Confidence scores explained

PorAccBooks Team · · 2min de lectura

What is a confidence score?

Every transaction classification AccBooks makes is accompanied by a confidence score — a number from 0 to 100% that indicates how certain the AI is about its suggested nominal code.

  • 90–100%: Very high confidence. The AI has seen this merchant many times and the amount is within the expected range.
  • 60–89%: Moderate confidence. The classification is likely correct but worth a quick check.
  • 0–59%: Low confidence. The AI is guessing — manual classification is recommended.

How the score is calculated

AccBooks uses a multi-factor scoring model:

Merchant recognition (40% weight)

The AI maintains a merchant database of over 2 million UK businesses, matched against the bank description using fuzzy string matching. A clean match with a known merchant contributes the most to a high score.

Historical posting pattern (30% weight)

For merchants you’ve classified before, AccBooks looks at how consistently you’ve used the same nominal code. If you always post Amazon purchases to 6100 (IT equipment), that history adds confidence. If you sometimes post to 6100 and sometimes to 6050 (office expenses), the score is lower.

Amount pattern (15% weight)

Recurring transactions of similar amounts score higher. A monthly £49.99 charge from a software subscription is highly predictable; a one-off payment of £7,432.17 is less so.

VAT consistency (10% weight)

If the suggested nominal code’s default VAT treatment matches the amount’s implied VAT content, the score increases. Discrepancies (e.g., a supplier who should be VAT-registered but the amount doesn’t suggest VAT) lower the score.

Context signals (5% weight)

Time of month, account, and category context. For example, payroll transactions on the 28th of the month, from a known payroll provider, get a boost.

Improving your scores over time

Confidence scores improve as AccBooks learns from your corrections. Every time you:

  • Change a classification, AccBooks updates its model for that merchant.
  • Accept a suggestion, AccBooks reinforces it.
  • Create a reconciliation rule, AccBooks applies it with 100% confidence.

Most businesses see scores improve significantly within the first 3 months of use.

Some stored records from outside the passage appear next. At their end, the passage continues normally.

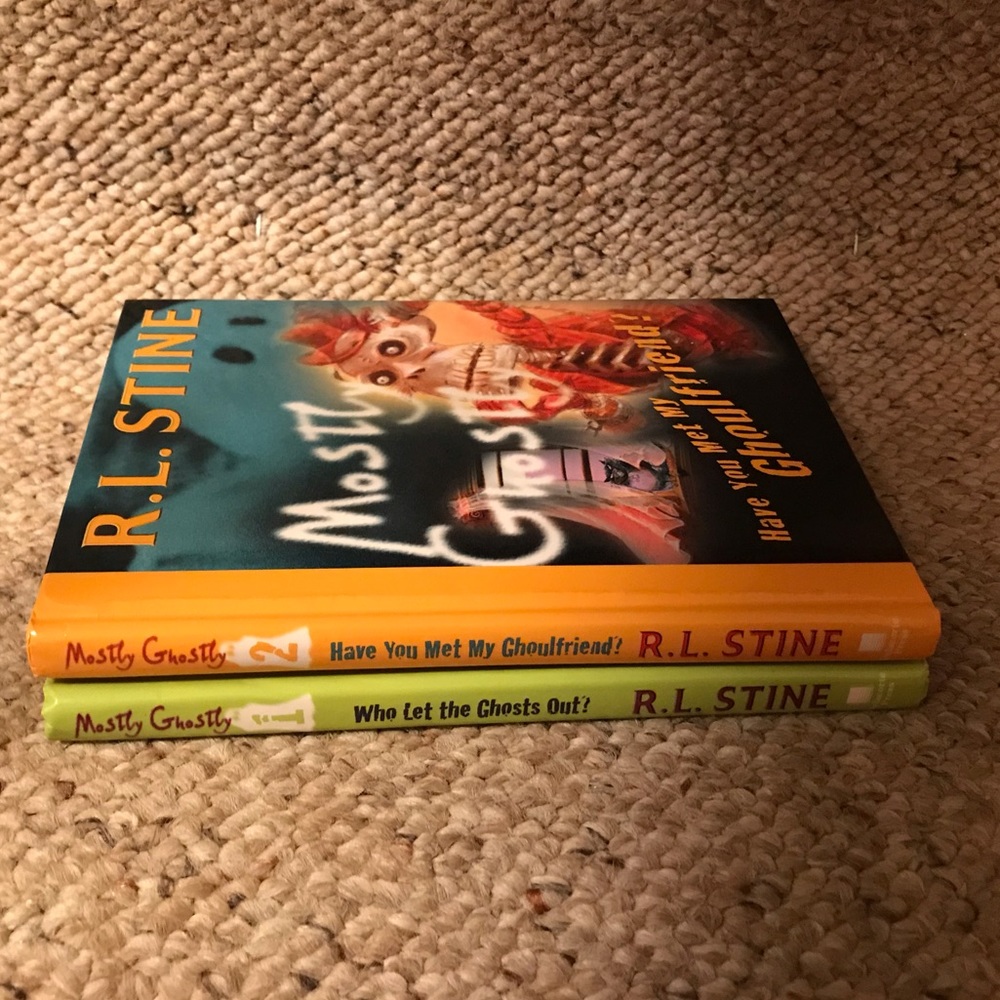 Books(Hardback): Most Ghostly by R.L. Stine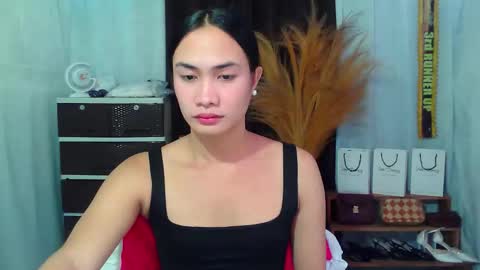Snapshot of pinaycutie_jilian chatting on 10-07-25, 10:51 jilian  online show from 10-07-25, 10:51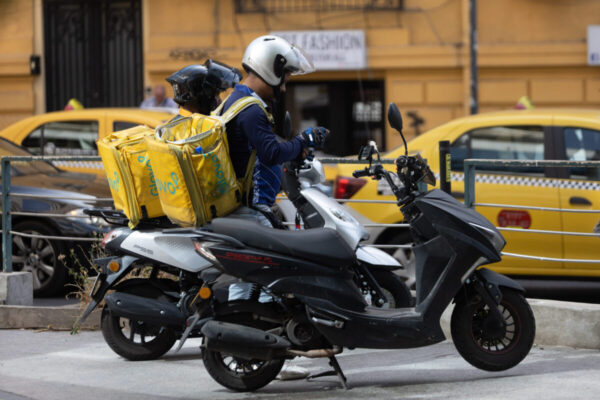 Сколько на самом деле зарабатывает пакистанский доставщик еды в 2026 году: «Я бы сказал, просто идеально»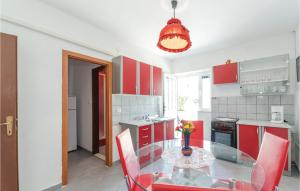 Lovely Apartment In Kustici With Wifi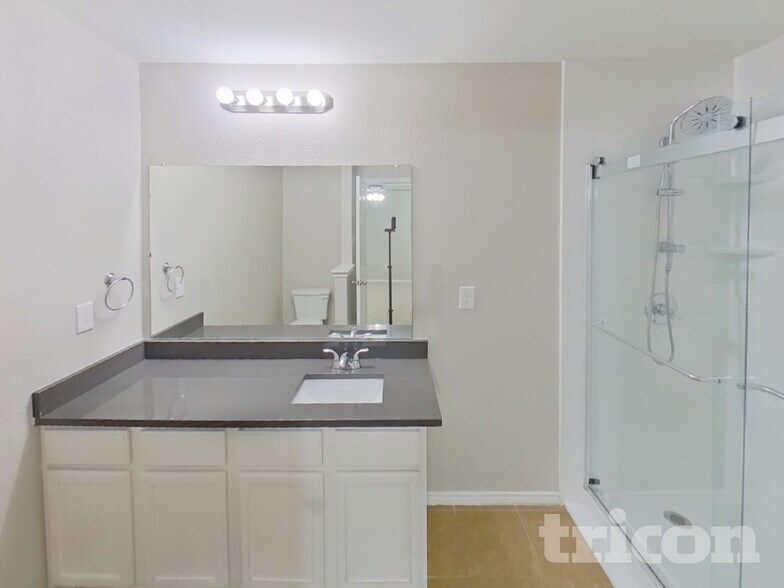 Building Photo - 1112 Roman Dr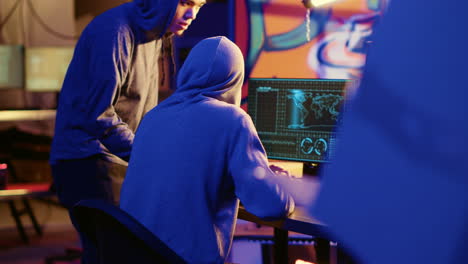 Hacker teaching youngster to hack PCs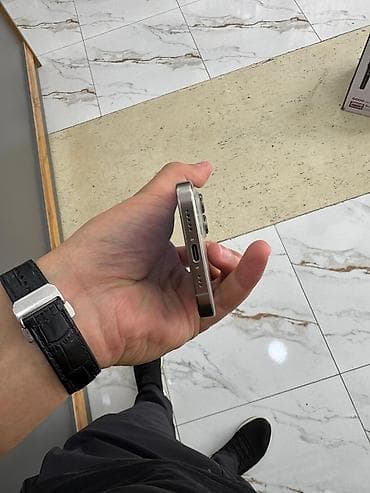 hyperx cloud stinger: IPhone 16 Pro, Natural Titanium — 4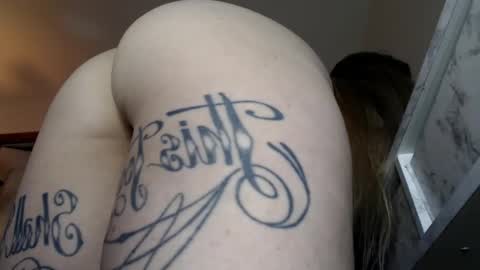 kat online show from October 12, 10:23 pm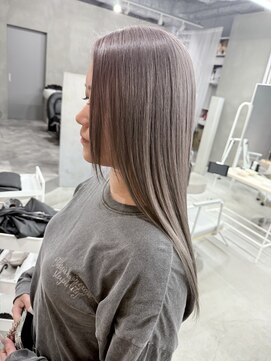 クリム(qulim) グレージュ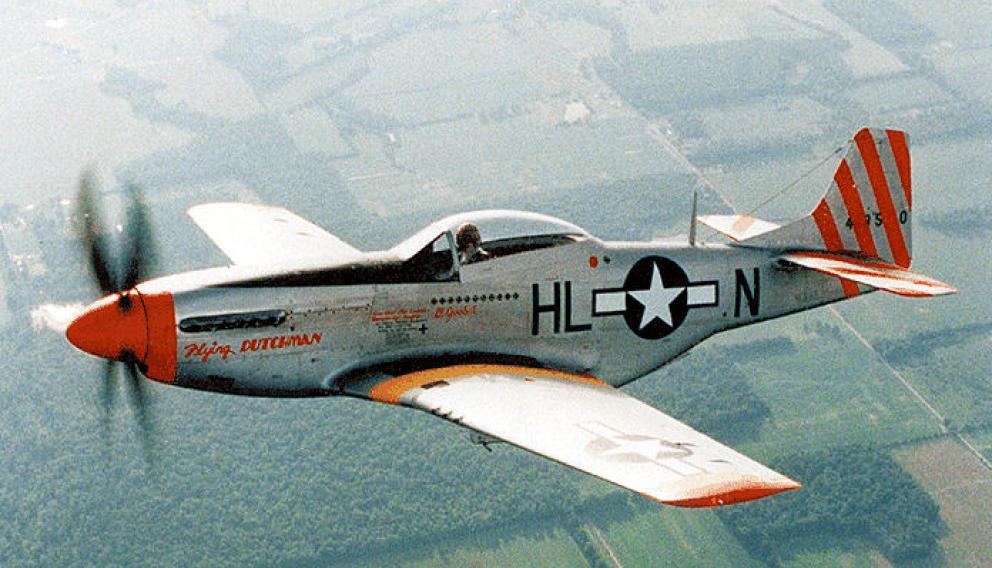 Z serii &quot;Spotkania przy samolocie&quot;: North American P-51 Mustang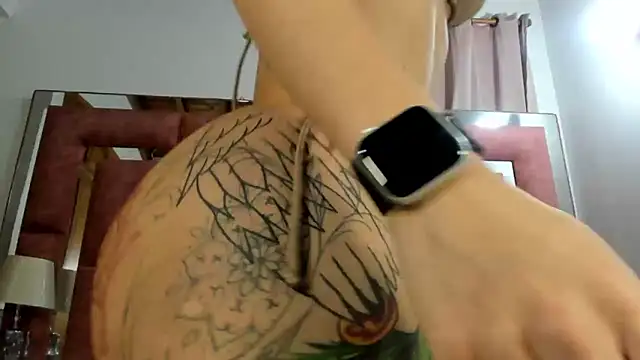 Snapshot of briana_wonder69xxx chatting on 11/28/25, 07:38 briana wonder69xxx online show from 11/28/25, 07:38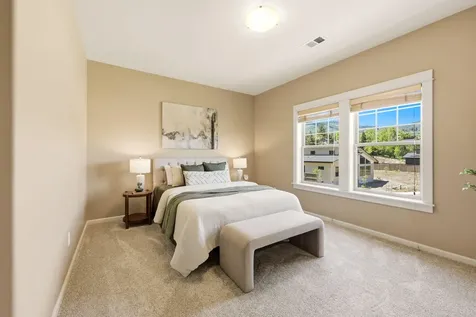 403 Briscoe Place Ashland OR 97520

Using scores in your workflow

High-confidence batch (90%+): Review the total value and spot-check 2–3 transactions. If they look right, use Approve all high-confidence to clear them in one click.

Medium-confidence (60–89%): Open each transaction and review the suggested code. Accept or correct, then approve.

Low-confidence (0–59%): Classify manually. Consider creating a reconciliation rule for recurring low-confidence transactions.

Viewing score details

Click any transaction in the reconciliation queue and scroll to the AI explanation section. This shows:

  • The confidence score
  • The top factors that contributed to it
  • Alternative classifications the AI considered (with their scores)
  • A link to the merchant’s database entry

Exporting score data

Go to Reports → Reconciliation analytics to export a CSV of all transactions in a period with their confidence scores. This is useful for auditors who want to understand how much of the ledger was AI-classified vs. manually reviewed.